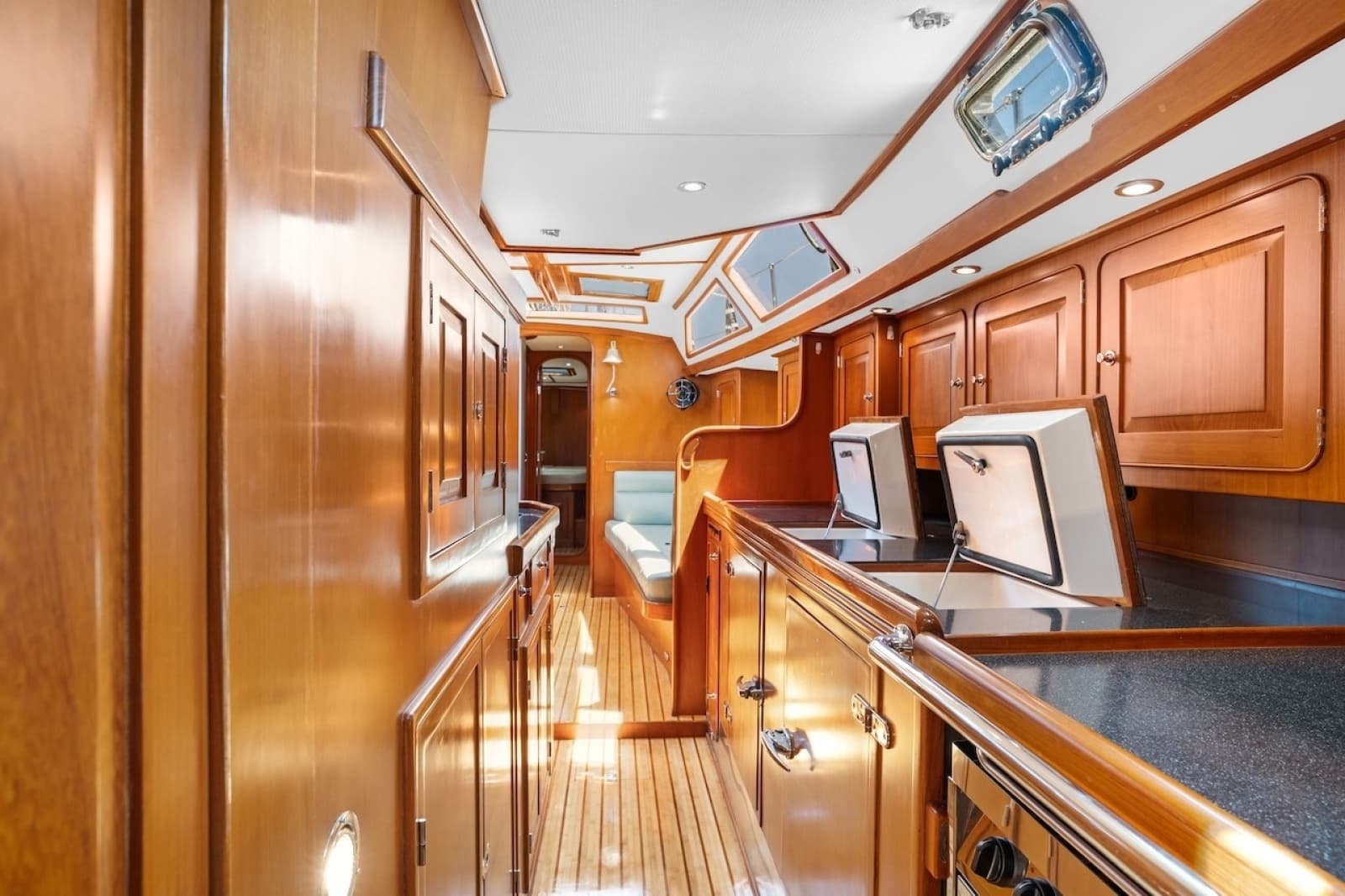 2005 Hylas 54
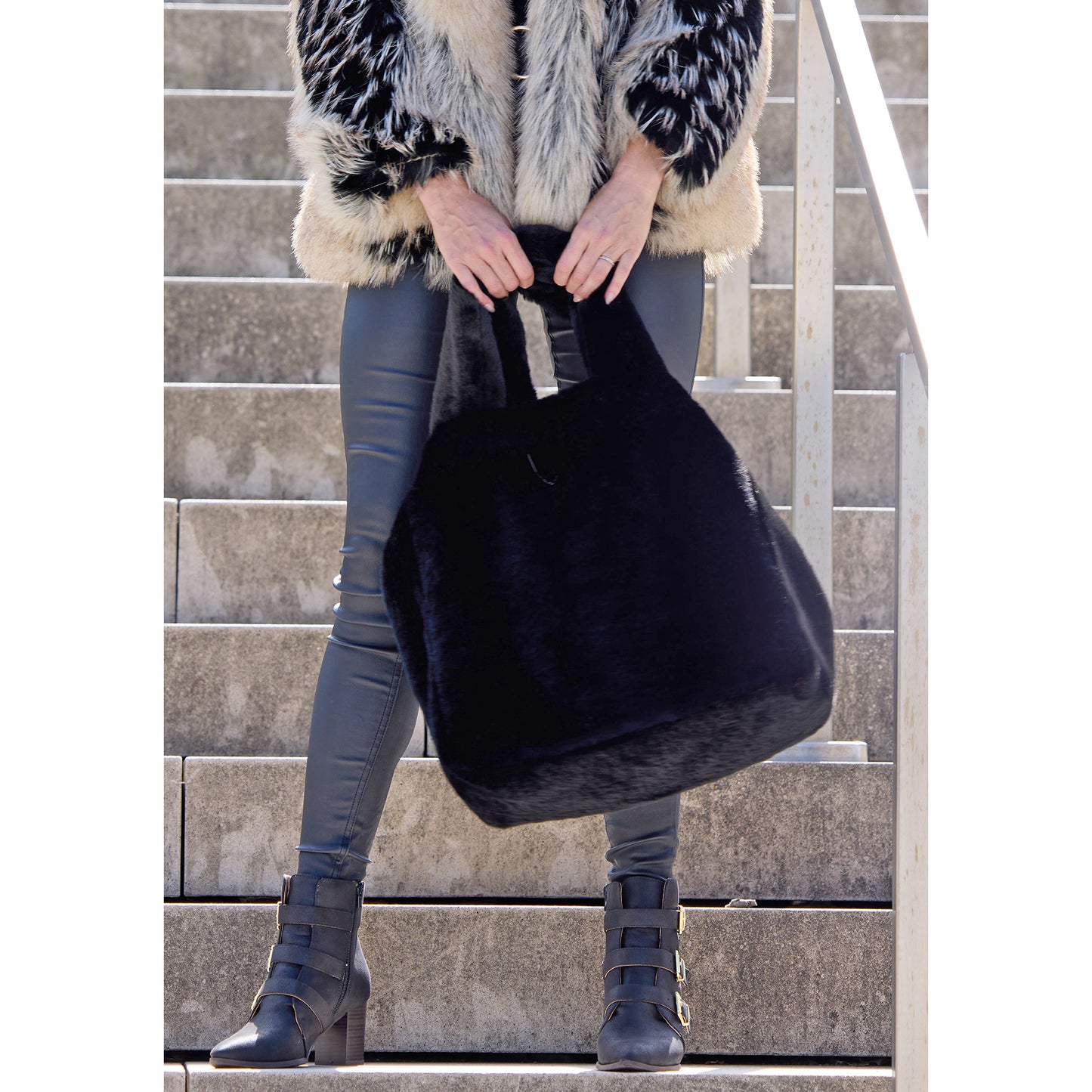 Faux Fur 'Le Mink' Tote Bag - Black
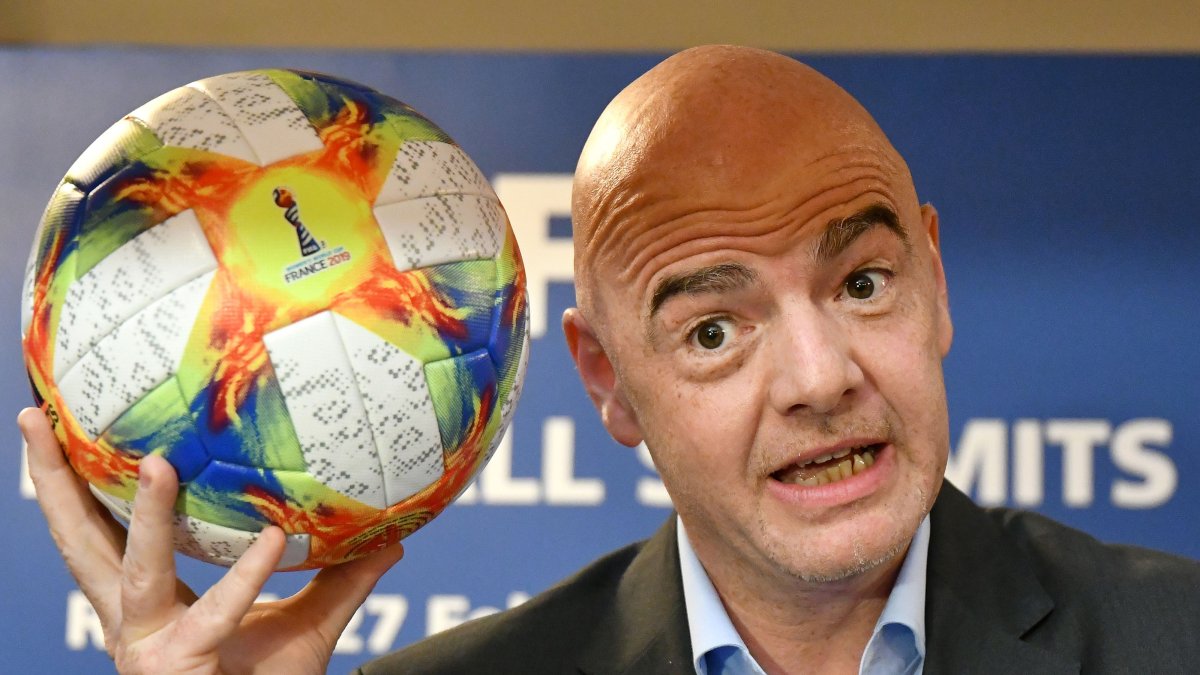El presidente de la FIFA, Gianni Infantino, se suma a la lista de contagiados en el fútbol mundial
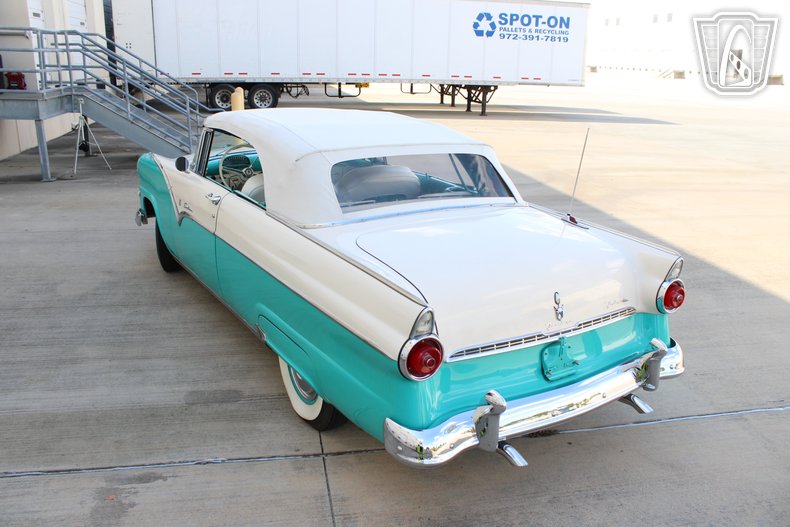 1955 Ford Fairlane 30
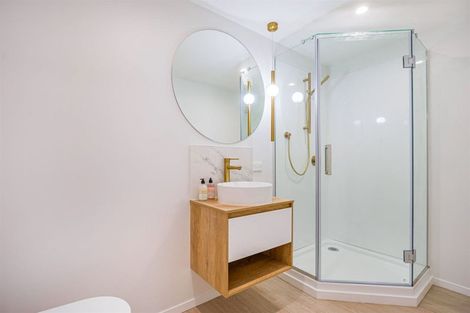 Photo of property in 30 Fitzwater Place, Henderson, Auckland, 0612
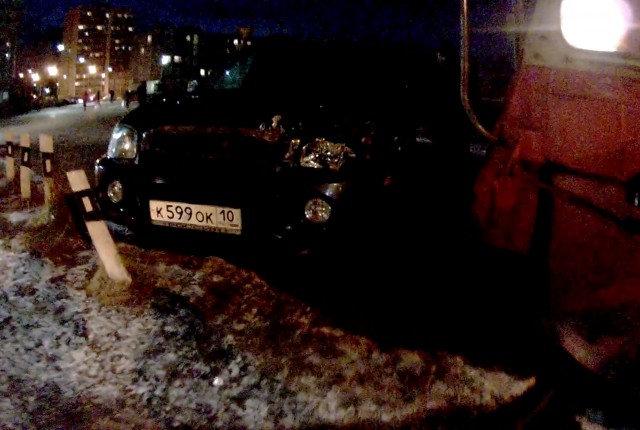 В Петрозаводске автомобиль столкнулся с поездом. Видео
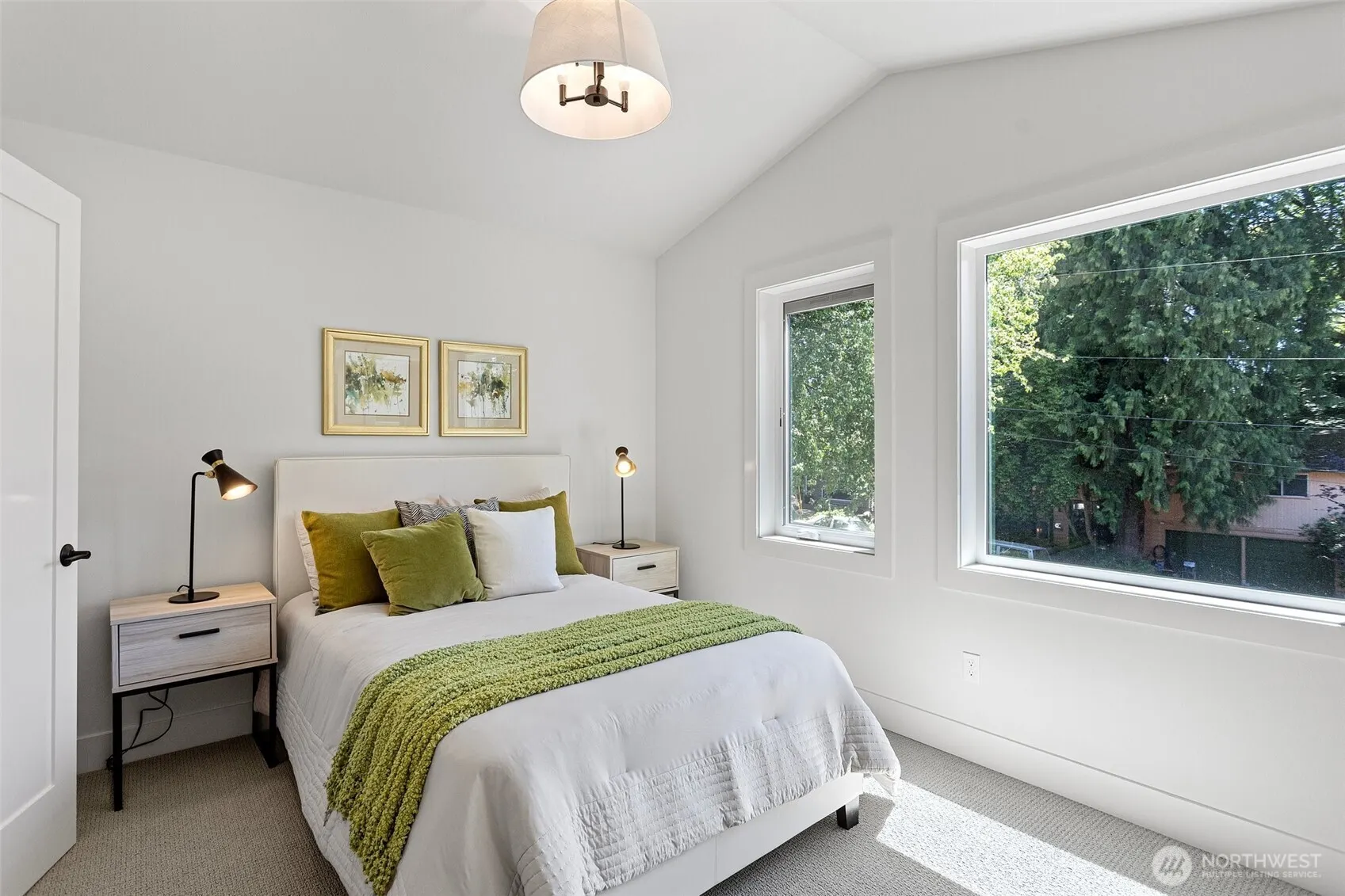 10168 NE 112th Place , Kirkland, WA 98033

————

* **TASK TO CARRY OUT**
Nothing but the lines from the one containing "1955 Ford Fairlane 30" through the end of the entries should be written out, exactly and without pictures.

* **RESULT**
 1955 Ford Fairlane 30
 Photo of property in 30 Fitzwater Place, Henderson, Auckland, 0612
 В Петрозаводске автомобиль столкнулся с поездом. Видео
 10168 NE 112th Place , Kirkland, WA 98033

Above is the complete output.